Wednesday, March 7, 2012

Take Care

My grandpa is dying.  His organs are beginning to shut down and his lungs are filled with fluid from an aggressive bout of pneumonia.  I have found myself crying throughout each day for this humble man since I found out about his condition.  I am not really close to him.  Although I have always wished to get to know him better, I have mainly observed him from afar. He takes care of a lot of people.  He sticks to his commitments.  I saw this dedication in the way he took care of his wife for many years as her dementia worsened and eventually ended her life.  She became violent. She was so sick.  And still, he was always right there by her side taking care of her.  He is always helping others, even when he can barely help himself.

I have tremendous respect for him because of the example he has set for myself and others.  I probably have a different perspective on the value of helping others as I have had to rely so much on others these last couple years as a single mom.  I have been taken care of by so many others.  I hope one day I can somehow return the favor.  To give selflessly like I saw my grandpa do so many times before.

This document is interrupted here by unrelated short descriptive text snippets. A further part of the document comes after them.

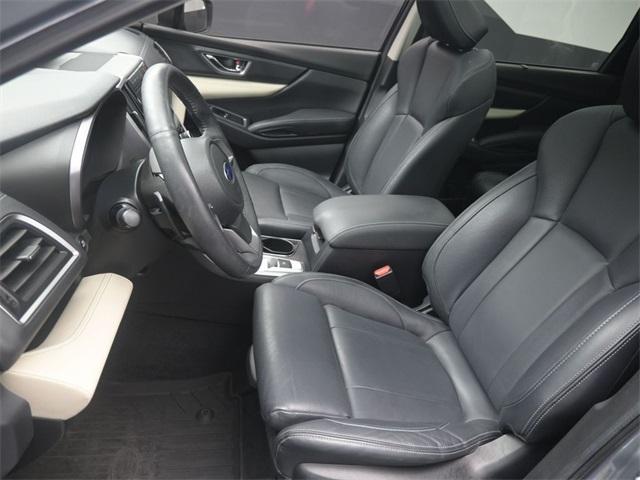 used 2022 Subaru Ascent car, priced at $30,281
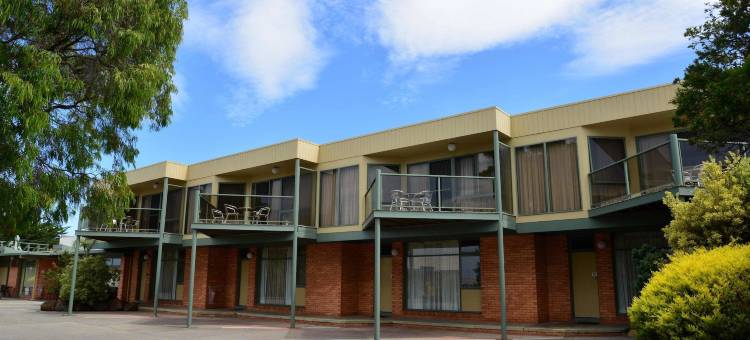舒适酒店及套房-湖泊入口(Comfort Inn & Suites Lakes Entrance)图片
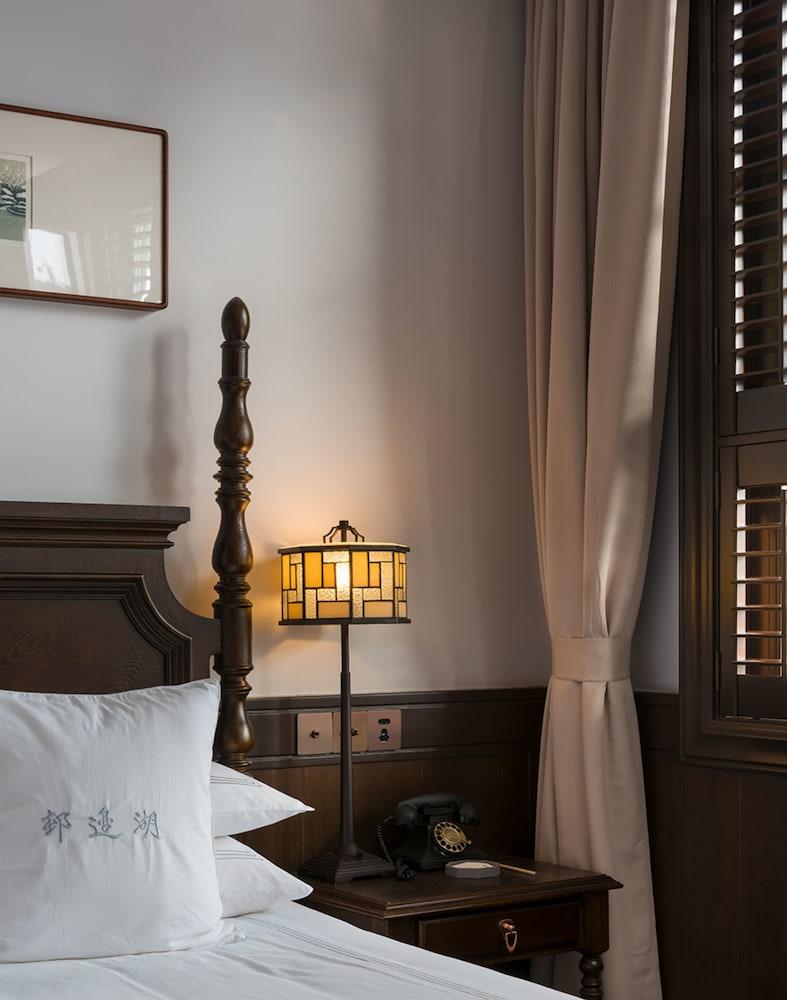 Relais & Chateaux Chaptel Hangzhou Hotel Εξωτερικό φωτογραφία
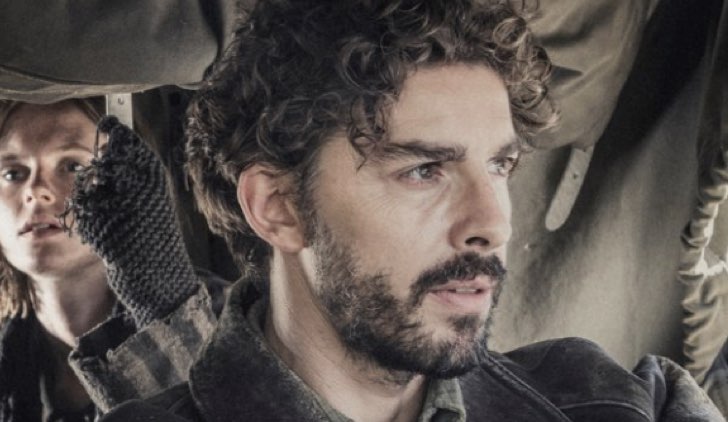 La guerra è finita cast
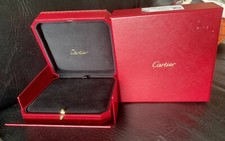 Cartier cojo3001 écrin d'occasion  Bordeaux-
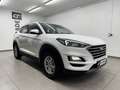 Hyundai TUCSON Tucson / SITZHEIZUNG VORNE/ RÜCKFAHRK./ ANHV./ Weiß - thumbnail 5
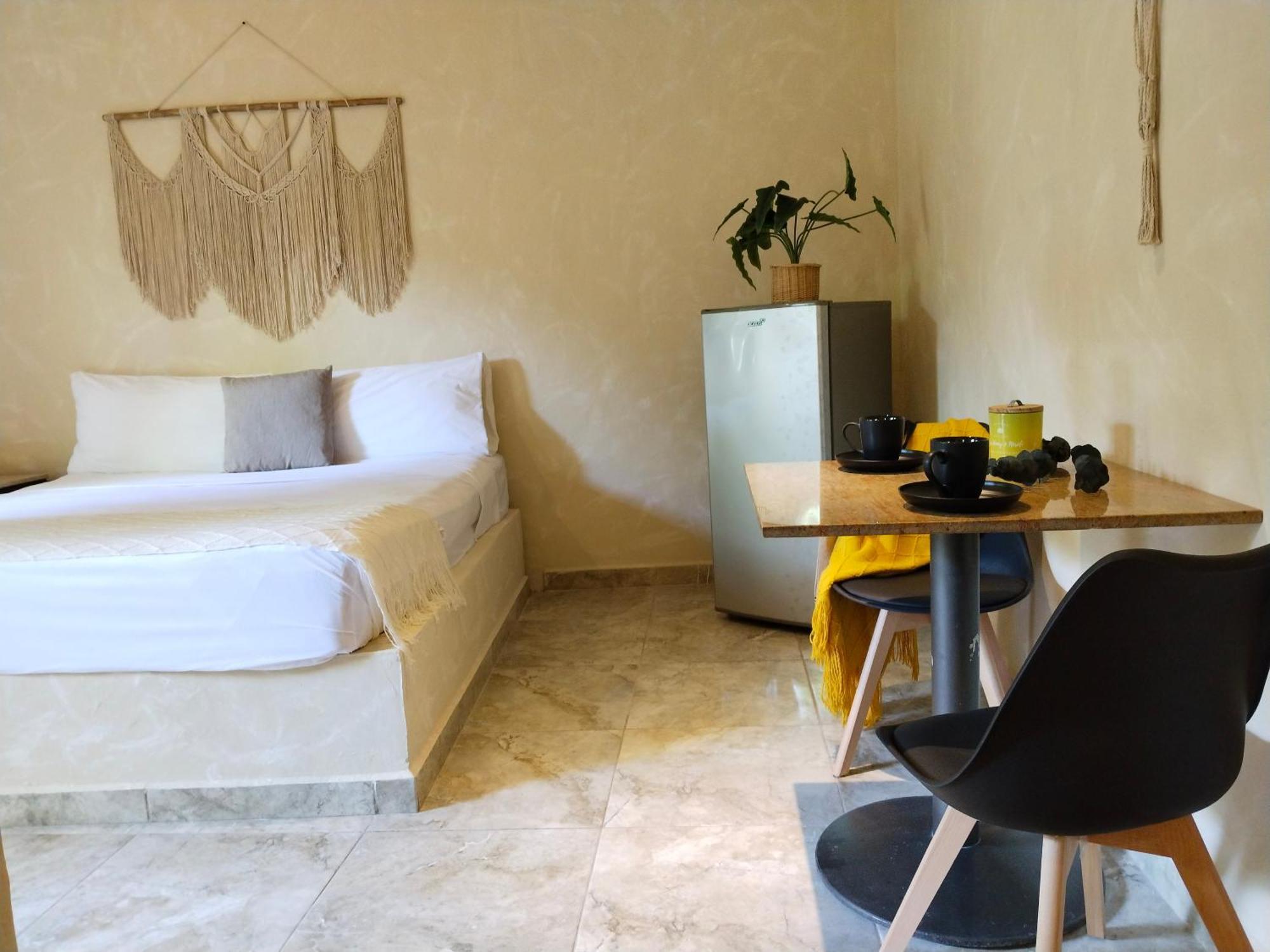 Casa Lupita Hotell Tulum Eksteriør bilde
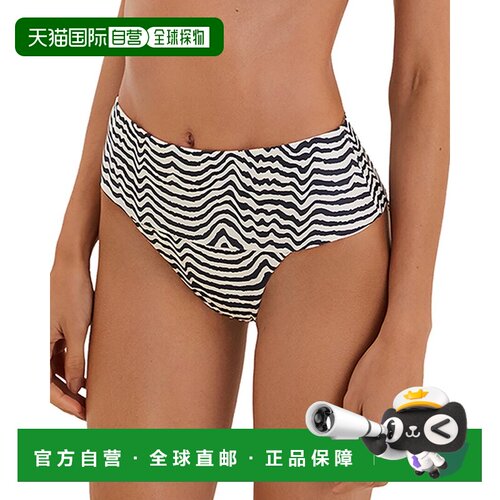 自营ViX Ravine Jessica Hp Full - White 美国奥莱性感泳裤直发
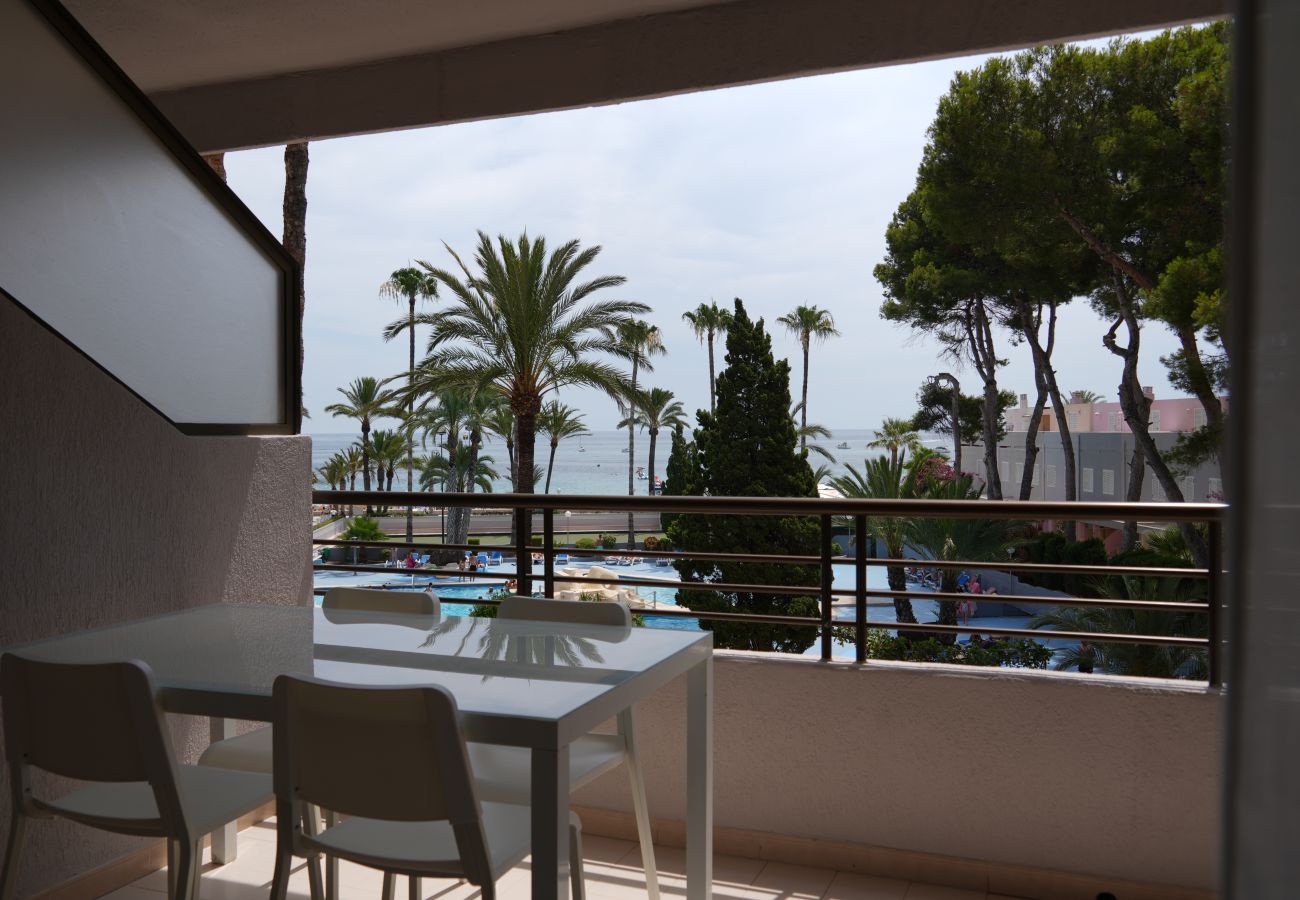Appartement à Calpe / Calp - PARAISOMAR - *53B
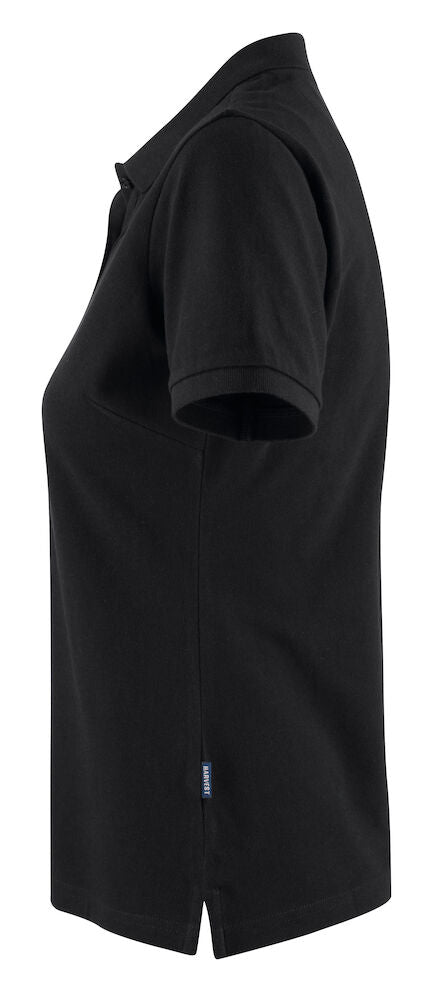 Neptune Polo Shirt Damen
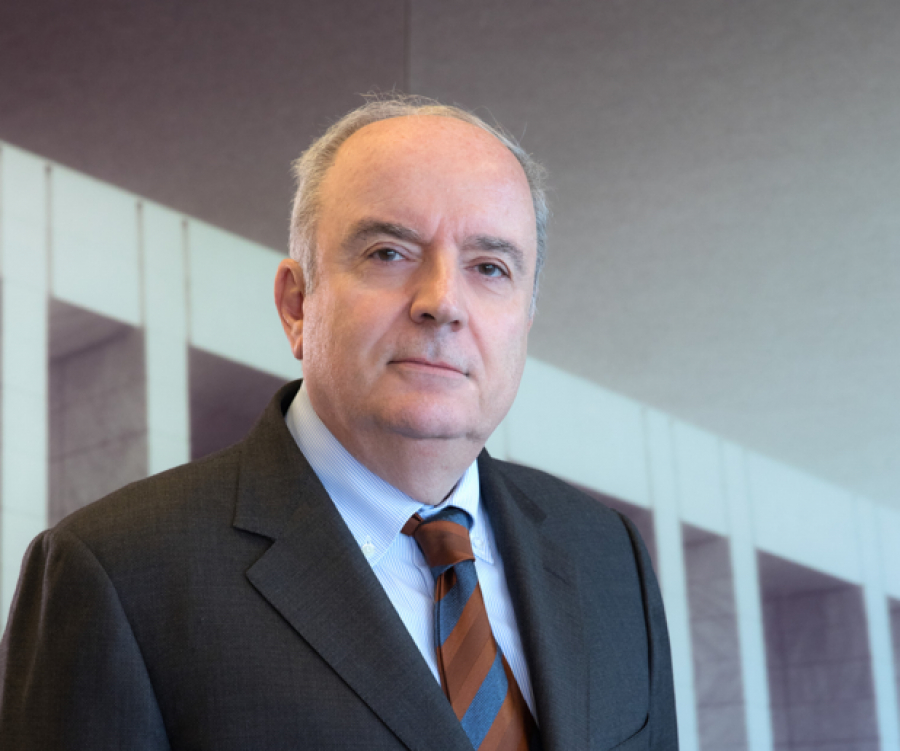 Γ. Περιστέρης: Μονόδρομος η απεξάρτηση από την εισαγόμενη ενέργεια και η μαζική στροφή στις ΑΠΕ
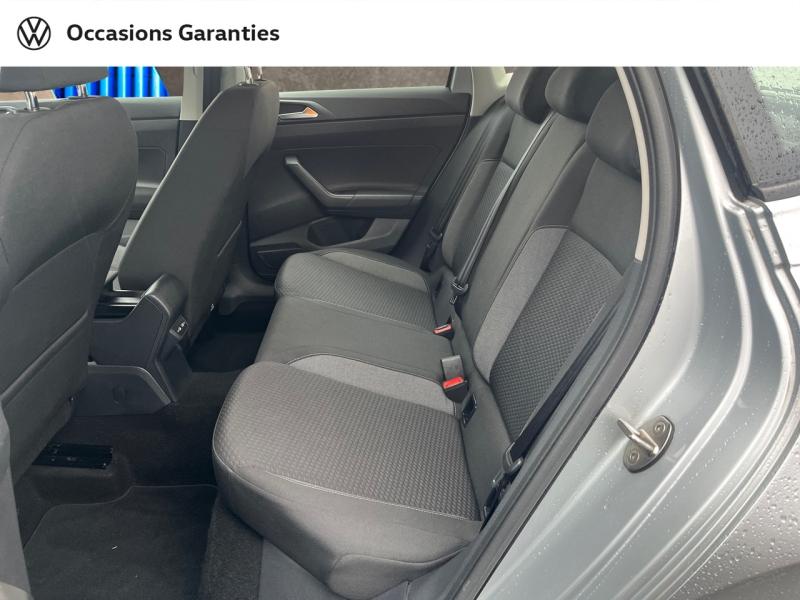 Voitures occasions VOLKSWAGEN POLO Life Business Cesson-Sévigné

I know this man will be going to meet his Maker probably very soon.  I know he will be taken care of just fine in the next life.  I think it is amazing that God promises us that we will all be taken care of by Him as we stay close to Him.  I have said out loud a few times today already as I struggle with the uncertainty of life, "Please take care of me."  As fast as I asked for this, I felt Him all around me.  He sometimes feels more real than everything else in this world.  I appreciated that thought.  I understand more clearly at certain points in my life why it makes so much more sense to trust in Him than all the silly props.